No artistic movement more strongly influenced and continues to influence pen makers than Art Deco, which originated in Paris in 1925. The movement sought to wed science, art and industry. It also emphasized the innovative use of new materials in design and architecture. Celluloid, with all the radiant colors and patterns it brought, epitomizes Art Deco. The Eversharp gold seal pens are foremost examples. Dorics continued the trend as did the early Vacumatics from Parker. Esterbrooks, early and late, epitomize Art Deco for the masses.

Germany, home to modernism, passed up Art Deco for the most part, but the lovely teardrop clips of the Mont Blanc Masterpieces of the 1930s are happy exceptions to the rule. And even the Germans, wedded to their formal black pens, could not resist playing with celluloid. The gorgeous platinums of Montblanc and the Pelikan tortoise and lizards attest to that.

The Streamline movement of the late 1930s was largely American. It sought to make design, specifically Art Deco, more sleek, and is represented in pendom first by the Sheaffer Balance pens which were so revolutionary in 1928. Parker answered with the Streamline Duofolds; and after 1937 the Vacumatics lost their original Deco boxy look to become streamlined. The equipoise Eversharps were another effort to emulate the style.

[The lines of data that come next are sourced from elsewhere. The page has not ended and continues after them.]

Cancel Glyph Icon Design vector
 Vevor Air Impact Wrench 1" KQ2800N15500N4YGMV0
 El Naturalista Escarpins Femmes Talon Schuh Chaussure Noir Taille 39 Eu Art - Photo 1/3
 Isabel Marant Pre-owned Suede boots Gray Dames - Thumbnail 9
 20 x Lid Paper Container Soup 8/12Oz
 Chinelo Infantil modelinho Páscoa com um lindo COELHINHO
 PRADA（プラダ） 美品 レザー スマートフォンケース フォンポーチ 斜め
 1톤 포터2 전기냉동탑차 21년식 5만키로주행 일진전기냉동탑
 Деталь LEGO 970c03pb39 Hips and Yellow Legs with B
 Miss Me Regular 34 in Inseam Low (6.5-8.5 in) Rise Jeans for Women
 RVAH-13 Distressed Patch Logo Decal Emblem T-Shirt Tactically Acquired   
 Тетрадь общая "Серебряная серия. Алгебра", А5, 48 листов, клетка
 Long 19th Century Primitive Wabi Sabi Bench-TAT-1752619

Modernism, which evolved in Germany and Scandinavia in the 1920s, did not catch on widely for at least a decade. The foremost modern pen, years ahead of its time, was, of course the Parker 51, with its hooded nib and lucite barrel. Its aim was to strip design of all artifice and replace it with pure functionality, just like the Bauhaus designs of the era. Part of the 51’s genius, however, was the way in which it synthesized the Craftsman, Deco and Streamline movements into a revolutionary modernist statement. Apart from its superlative function, the form of the 51 sets it apart in pendom. Equally notable modernist pen designs are the Sheaffer PFM, a design as compelling today as when it was introduced forty years ago. Similarly, the Parker 61, an evolution of the 51, is still fresh looking.

This brings us to our own time and post-modern pens. Here we need to stop a moment and define the art and design movement which today surrounds us. More than simply coming after the modernist movement, post-modernism seeks to combine the designs of the twentieth century, link them to one another, and make a statement about that synthesis. Notable architectural examples of post-modern design are San Francisco’s Yerba Buena Marriott Hotel, often referred to locally as the Wurlitzer, and the more recent work of Helmut Jahn in Chicago. The annex to the Los Angeles Biltmore Hotel, itself an understated Art Deco building, is almost by definition post-modern.

The first post-modern pen would have to be Parker’s 1988 Duofold Centennial. Its name alone was a tip-off, in the sense that it was self-referential, harkening back to the Duofolds of the 1920s and 1930s. One could argue, however, that initially Parker did not know they were making a post-modern pen. The very first ballpoints and pencils of the line looked like modern instruments of their type. Only later did Parker redesign the pencils and ballpoint pens to look like derivations of the Big Bro pencils of the mid 1920s. Similarly, the first colors were evocations of celluloid blues and reds of the 1920s. The red hard rubber tones, the marbled finished of the Modernes and the yellows of the Mandarins came later.

The Waterman Edson is perhaps the greatest of the post modern pens. The name refers directly to the founder of the company, and the pen recalls the great modernist designs of Moore, Waterman and Sheaffer. The celluloid pens of Omas and the retro designs of special edition Mont Blancs also demonstrate post modernism techniques, as do Pelikan’s self-referential “Originals of Their Time.”

Fountain pens, once everyday objects, quite naturally partook of the design currents of their time and place. Today, they are luxury items favored by only a fraction of the population outside our collecting community. But, regardless, to those of us who choose to see them as such, fountain pens offer us a chance to carry a small piece of twentieth century art history and design with us every day.